Despite the growing need for adolescent mental health services in the US, there remain significant barriers to care, with access to treatment especially inequitable for ethnic minorities (Agency for Healthcare Research and Quality, 2023; Alegría et al., 2008; Weersing, 2022). Globally, a growing volume of research has looked into how task-sharing interventions may be implemented to increase access to mental health services and build capacity in low-resourced settings (Jordans et al., 2021; Karyotaki et al., 2022; Purgato et al., 2021; Tol et al., 2020; Turrini et al., 2022; Zhang et al., 2020). However, this approach is somewhat newer in the US. Given the mental health burden and structural inequities faced by ethnically minoritized adolescents in the US, the current study aims to fill this services and treatment gap by introducing Early Adolescent Skills for Emotions (EASE), a recently-developed WHO psychological intervention for adolescents and caregivers, to the US context (WHO & UNICEF, 2023). As the first phase of a wider effort to implement and evaluate EASE in New York City (NYC), this manuscript reports on the cultural adaptation process of EASE. The adaptation process was a collaborative and iterative process between researchers at the New School for Social Research (NSSR), local government at the New York City Mayor’s Office for Community Mental Health (OCMH), three Brooklyn-based community organizations. Through a series of focus group discussions (FGDs) with adolescents (n=18) and caregivers (n=12) from the community organizations, the intervention was delivered by the NSSR research team, and feedback was collected from the stakeholders to inform subsequent intervention changes. We were guided by the mental health Cultural Adaptation and Contextualization for Implementation (mhCACI) framework (Sangraula et al., 2021) and the Reporting Cultural Adaptation in Psychological Trials (RECAPT) criteria (Heim et al., 2021), as well as Community-Based Participatory Research (CBPR) guidelines to recognize the expertise and strengths of community members.

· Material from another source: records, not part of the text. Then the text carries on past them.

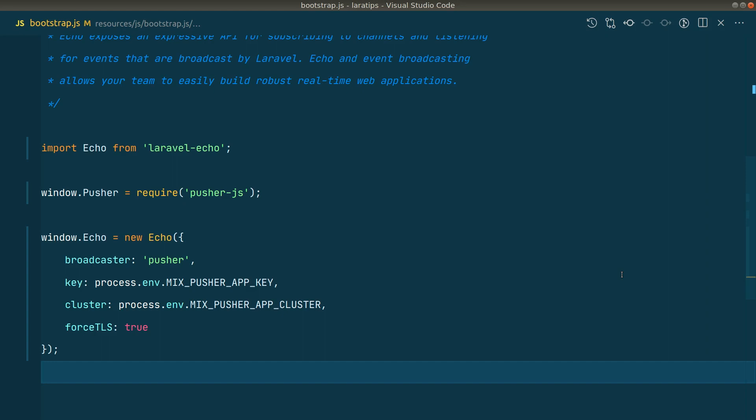Hey guys, welcome to LoRaTips. In today's video I'll be showing you 10 VS Code extensions that will help you increase your productivity. So let's get started.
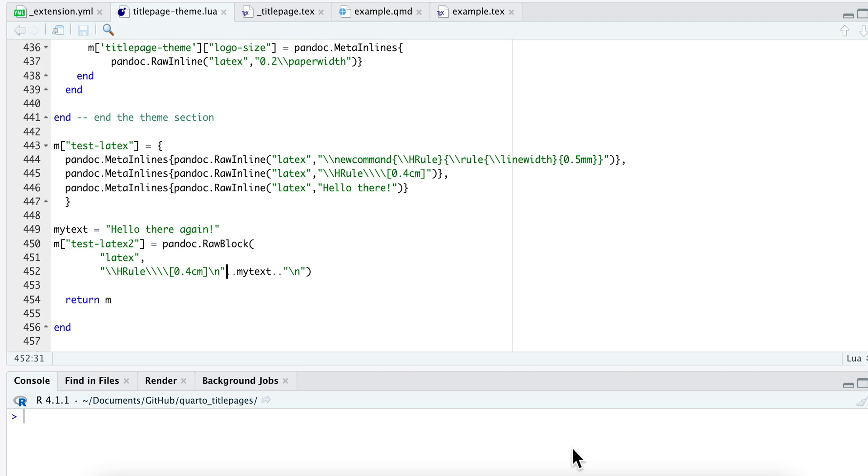I'll show you how you can include LaTeX code in your metadata. This is for the specific application where you are writing a Lua filter and you will be using this metadata in a Pandoc template.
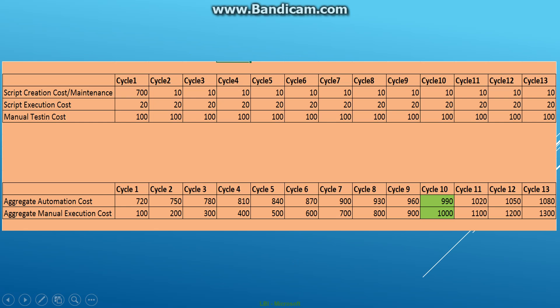When you reach cycle two, the total cost that you have incurred up to cycle two would be 100 plus 100, so 200 units for the manual aggregate cost up to the second cycle. But the aggregate automation cost would be 720 plus 20 plus 30, so 750.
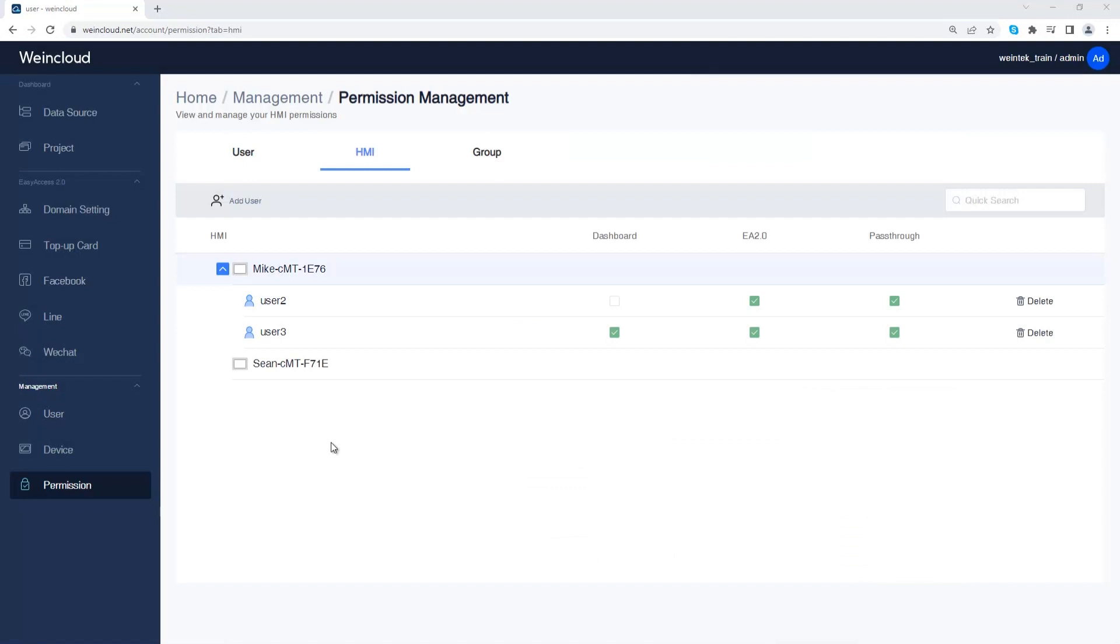In this video we explain how to manage user accounts and HMIs in Wincloud's management page. It is also where you can add or remove the HMI or user. Thank you for watching.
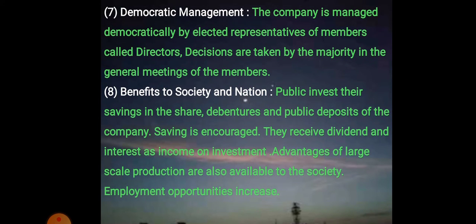The next advantage is democratic management. The company is managed democratically by elected representatives, that is the board of directors. Decisions are taken by majority in the general meeting of the members. The shareholders get voting rights and decisions are taken according to the majority influence of votes of its members, with the final decision made by the directors.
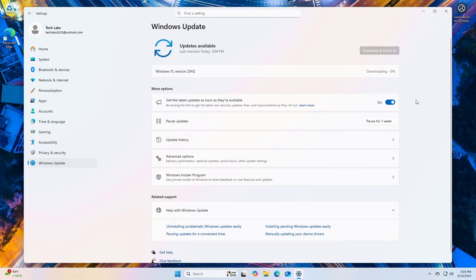It's delivered as an enablement package, so it's a small download requiring only a quick restart. If you prefer a clean install, you can get the ISO from the Windows Insider ISO download page.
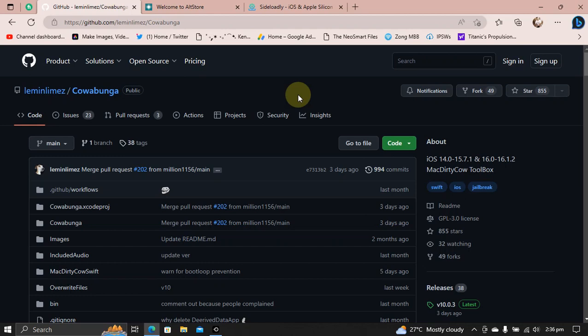Greetings and welcome to a new video. In this video I will show you how to theme your iOS device without a jailbreak using Cowabunga. It is very easy. The method shown in this video is completely free.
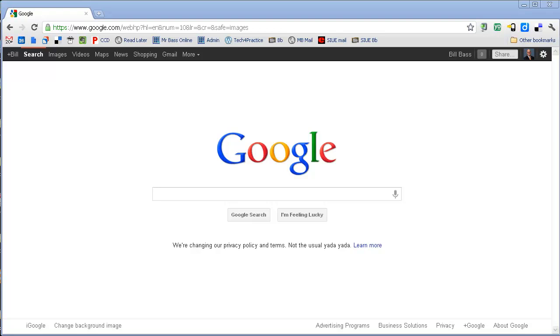Hi, this is Bill Bass. A few years ago I switched from Mozilla Firefox to Google Chrome as my main browser. Today I want to give you one of those reasons why and show you how to set that up.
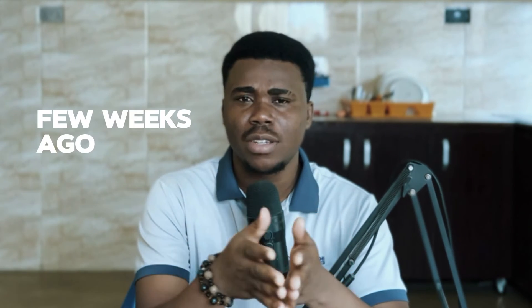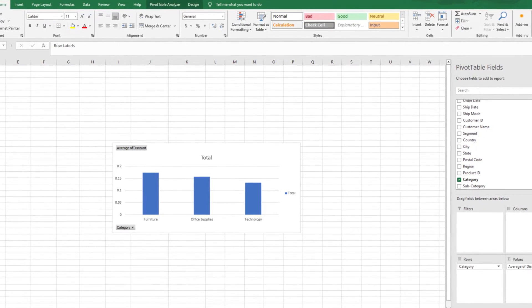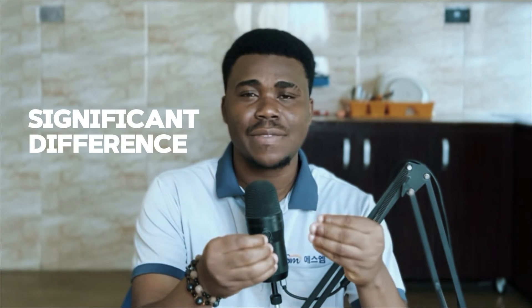When I was working on the Superstore dataset — a dataset I analyzed on my channel a few weeks ago — I got to a section where I was trying to compare the average discount over three segments: furniture, office supply, and technology. After plotting my bar chart, I could see that the furniture segment had the highest average discount.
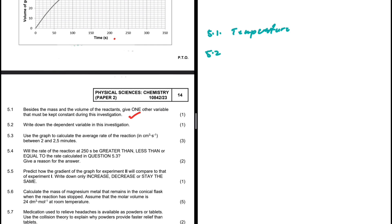Question 5.2: write down the dependent variable in this investigation. The dependent variable is essentially what we are measuring. We are looking at the effect of state of division on the rate of reaction, so what we are measuring is the rate of reaction. It is our dependent variable — it depends on the state of division, which is our independent variable.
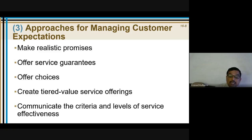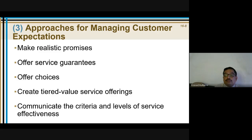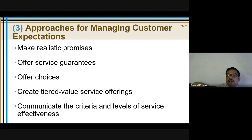For ATM withdrawals, the first 4 withdrawals are free; after that I will be charging. By creating tiered value service offerings and communicating them to the customer, the customer knows they can do only 4 free transactions at the bank, and after that they are chargeable — so I have managed the customer expectation. Earlier, customers were drawing 100 or 200 rupees as many times as they liked from other bank ATMs, and the service charges became very huge. That is why banks in India created a rule that only 4 to 6 transactions are free per month, and later started charging beyond that. So we have created tiered value service offerings.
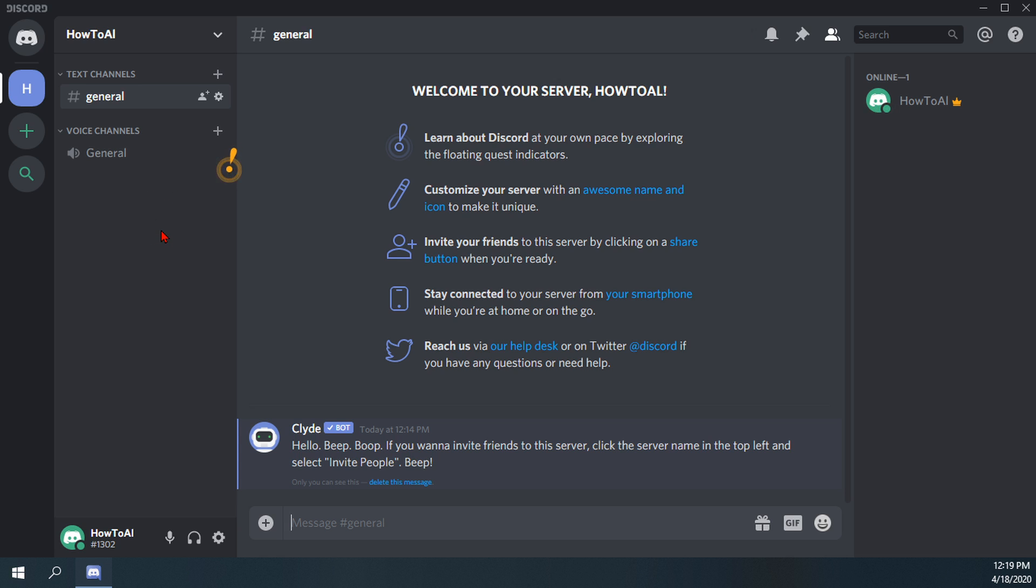I also have a couple more videos on just basically creating a Discord account, installing it, verifying your account. And this was just the next step in creating your own server and being able to modify and create text and voice channels.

The study found that both deep and surface adaptations were necessary to enhance EASE’s acceptability, relevance, and engagement for the NYC community. Notable cultural concepts of distress included a lack of understanding of distressing emotions, a lack of knowledge of how to respond to emotions, and the adolescents’ need to hide their emotions. We also identified community needs for inclusivity, knowledge-based explanation of psychological benefits, and building purpose and identity. Based on these findings, we made deep adaptation changes to the intervention, including the addition of activities such as the Purpose Diagram and a poster to emphasize the mind-body connection of the breathing strategy. Additionally, contextual information indicated the salience of NYC-specific themes such as gender norms, digital technology, and economic pressures, which were incorporated in the intervention’s storybook and guided discussions. We also aligned framing of the intervention to the goals of social and emotional learning and community-building, based on feedback from the FGDs and OCMH. Surface adaptations included changes to the storybook text and illustrations to be more representative of the spoken language and people in NYC. We also found that virtual sessions were more accessible for caregivers, and in-person sessions were more engaging for adolescents.
Thank you very much for your consideration. We sincerely look forward to hearing from you.